Things to Know About Gold Jewellery Making & Wastage Charges

Making Charges on Gold Jewellery

Since ancient times gold was a major component in Indian Culture especially during festivals, pujas, engagements, marriages and other celebrations. This is evident in the female statues in temples and artwork dating back to several centuries. The figures were adorned with jewellery around their necks, hands, waist and ankles.

Gold as a Social Status Symbol

In India, it is considered as a status symbol in our society and females (sometimes even males) flaunt their jewellery to show their standing in the society. A person worth in the society is directly proportional to the number of gold ornaments worn by the person. Being part of the culture it is advisable to have some knowledge of this precious metal and how important it is to the growth of your family wealth. It is important to know the gold prices before buying any form of gold.

Purity of Gold

Pure gold has a 24 karat or having a fineness of 1000. In the case of 22 karat, the gold has 22 parts of pure gold and 2 parts of some other alloy – which is normally copper and has a fineness of 916.66. Jewellery is also made of 14K and 18K gold. 18K is composed of 75% which is alloyed with other metals to give it the strength to withstand daily wear and tear. Also, 14K gold comprises 58.3% gold and 41.7% is alloyed with other metals. The choice about the purity of gold you want to purchase is entirely yours.

The Different Colours of Gold

Gold can be identified by their colour. Basically, there are five colours of gold:

Yellow Gold: This is the natural colour of gold with alloys. The alloys are usually copper which gives the gold its signature yellow colour.

  White Gold: White gold is made from a combination of metal alloys which are white in their natural state. It is plated with an extremely hard element called Rhodium. White gold tends to wear off easily over time. However, it can be re-plated and restored to its original state by a simple process.

White Gold with Black Rhodium: In this case, black Rhodium is plated to white gold which gives it a royal black lustre. It is extremely hard and strong. Like the white gold, this colour gold gets easily worn out. However, this too can be restored by a simple process.

Rose Gold: This colour gold has a pink hue of a rose petal. It is created by mixing a copper alloy.

Vermeil Gold: This gold has a rich golden colour which is extensively used for fine jewellery with intricate designs. It is also known as sterling silver.

You may like  to Read: Is E-Gold a Better Option for Investors than Gold ETFs

Is it Legal to Charge for Wastages While Making Jewellery?

According to Government of India, Jewellery makers can ask for wastage charges. However, for studded jewellery, the jeweller cannot exceed 9% of the net weight. For none studded jewellery, wastage charges cannot exceed 3.5%. In the case of coins, biscuits and medallions the wastage charges cannot exceed 1.25%. Some jewellers do not charge for wastage but they do include it in the making charges.
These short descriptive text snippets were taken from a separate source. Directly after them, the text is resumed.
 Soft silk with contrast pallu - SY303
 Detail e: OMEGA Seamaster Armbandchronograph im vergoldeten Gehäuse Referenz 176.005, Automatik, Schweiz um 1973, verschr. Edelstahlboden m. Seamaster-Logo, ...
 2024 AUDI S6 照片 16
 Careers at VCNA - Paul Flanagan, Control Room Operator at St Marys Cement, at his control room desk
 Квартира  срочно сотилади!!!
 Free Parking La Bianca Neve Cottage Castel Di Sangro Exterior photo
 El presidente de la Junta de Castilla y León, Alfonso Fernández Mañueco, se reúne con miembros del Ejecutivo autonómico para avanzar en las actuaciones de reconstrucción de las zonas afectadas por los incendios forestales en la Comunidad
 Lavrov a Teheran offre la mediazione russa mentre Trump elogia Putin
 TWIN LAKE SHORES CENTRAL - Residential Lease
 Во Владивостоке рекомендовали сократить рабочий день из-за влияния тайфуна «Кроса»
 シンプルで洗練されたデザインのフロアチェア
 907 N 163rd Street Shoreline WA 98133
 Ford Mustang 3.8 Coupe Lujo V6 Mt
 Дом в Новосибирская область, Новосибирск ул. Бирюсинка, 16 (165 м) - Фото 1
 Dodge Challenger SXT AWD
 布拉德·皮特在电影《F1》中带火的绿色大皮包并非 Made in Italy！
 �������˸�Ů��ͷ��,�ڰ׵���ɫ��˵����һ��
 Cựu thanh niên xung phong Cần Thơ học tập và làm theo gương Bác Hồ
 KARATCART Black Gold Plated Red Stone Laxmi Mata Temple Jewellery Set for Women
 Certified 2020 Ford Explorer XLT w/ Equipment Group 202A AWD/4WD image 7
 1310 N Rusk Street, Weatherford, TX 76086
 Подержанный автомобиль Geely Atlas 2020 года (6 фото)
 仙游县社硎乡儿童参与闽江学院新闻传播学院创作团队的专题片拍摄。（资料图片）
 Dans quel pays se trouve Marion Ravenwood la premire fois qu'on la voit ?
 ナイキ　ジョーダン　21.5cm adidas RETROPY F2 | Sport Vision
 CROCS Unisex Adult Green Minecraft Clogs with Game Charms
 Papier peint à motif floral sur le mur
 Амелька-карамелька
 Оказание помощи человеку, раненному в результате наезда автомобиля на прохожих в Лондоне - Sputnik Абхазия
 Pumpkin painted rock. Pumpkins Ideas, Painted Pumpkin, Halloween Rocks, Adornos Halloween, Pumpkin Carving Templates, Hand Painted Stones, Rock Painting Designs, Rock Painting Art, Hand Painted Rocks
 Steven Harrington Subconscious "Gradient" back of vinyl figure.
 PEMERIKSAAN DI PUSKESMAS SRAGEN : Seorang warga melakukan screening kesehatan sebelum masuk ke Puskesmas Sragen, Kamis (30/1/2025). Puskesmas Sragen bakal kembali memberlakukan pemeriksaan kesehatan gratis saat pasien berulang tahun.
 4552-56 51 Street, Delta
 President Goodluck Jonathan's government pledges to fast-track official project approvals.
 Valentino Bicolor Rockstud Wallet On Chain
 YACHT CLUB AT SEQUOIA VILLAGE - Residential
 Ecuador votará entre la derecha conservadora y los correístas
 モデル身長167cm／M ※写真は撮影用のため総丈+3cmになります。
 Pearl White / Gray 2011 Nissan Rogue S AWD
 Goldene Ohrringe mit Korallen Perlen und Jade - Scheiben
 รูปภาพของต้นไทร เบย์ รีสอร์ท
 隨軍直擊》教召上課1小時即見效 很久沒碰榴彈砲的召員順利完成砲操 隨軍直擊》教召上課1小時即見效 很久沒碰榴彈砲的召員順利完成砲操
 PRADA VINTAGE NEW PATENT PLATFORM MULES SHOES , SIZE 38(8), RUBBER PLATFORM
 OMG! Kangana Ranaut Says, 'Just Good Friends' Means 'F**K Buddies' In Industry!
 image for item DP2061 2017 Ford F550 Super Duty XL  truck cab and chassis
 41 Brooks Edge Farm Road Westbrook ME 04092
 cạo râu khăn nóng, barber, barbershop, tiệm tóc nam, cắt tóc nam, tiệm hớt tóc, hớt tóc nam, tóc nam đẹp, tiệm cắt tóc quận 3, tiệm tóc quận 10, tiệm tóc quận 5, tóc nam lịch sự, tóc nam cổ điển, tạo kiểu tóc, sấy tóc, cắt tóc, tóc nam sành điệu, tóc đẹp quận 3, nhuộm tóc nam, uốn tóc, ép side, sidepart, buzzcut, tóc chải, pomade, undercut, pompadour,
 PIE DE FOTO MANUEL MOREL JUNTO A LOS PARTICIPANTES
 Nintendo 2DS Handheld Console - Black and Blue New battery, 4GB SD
Why do Gold Jewellery Shops Levy Making Charges?

The making charges include the cost of professional jewellery designers who conceptualise the design and the cost of the goldsmith who brings it to life. It
involves many hours of labour by master craftsmen who shape, polish and mould the piece of jewellery to reflect the design given to them.

Pure gold is soft metal and has to be reinforced with specific alloys to make it strong enough to produce intricate jewellery and to withstand the rigours of daily life. Some jewellery pieces have gemstones used as part of the design. These stones need to be cut and shaped by skilled artisans who have to be paid. This adds to the cost of making.

Lastly, the making charge also depends on the intricacy of the jewellery piece. Intricate designs take a longer time to produce.

Why am I Charged for the Wastage?

The making process of a jewellery piece requires the melting of a gold bar and then shaping it according to the design given by the jewellery designer. In this process, a certain amount of gold gets ‘wasted’. Jewellers keep a margin to cover the cost of any gold that is wasted.

Jewellery made by using technology is generally more efficient and leads to a minimum amount of wastage while crafting the jewellery pieces.

Buying Jewellery without Being Cheated

There are several known brands like Tribhovandas Bhimji Zaveri, Tansihq,  D’Damas, Nakshatra Diamond Jewellery, Gilli Jewellery and many more. Buying at these branded stores will give you some assurance of the quality while the prices are fixed and on the higher side.

Buying from the unknown brand store is a bit tricky. They raise their gold prices to allow for bargaining with the customers. If you are good at bargaining you can probably strike a good deal with reduced making cost. The key is in your bargaining skills.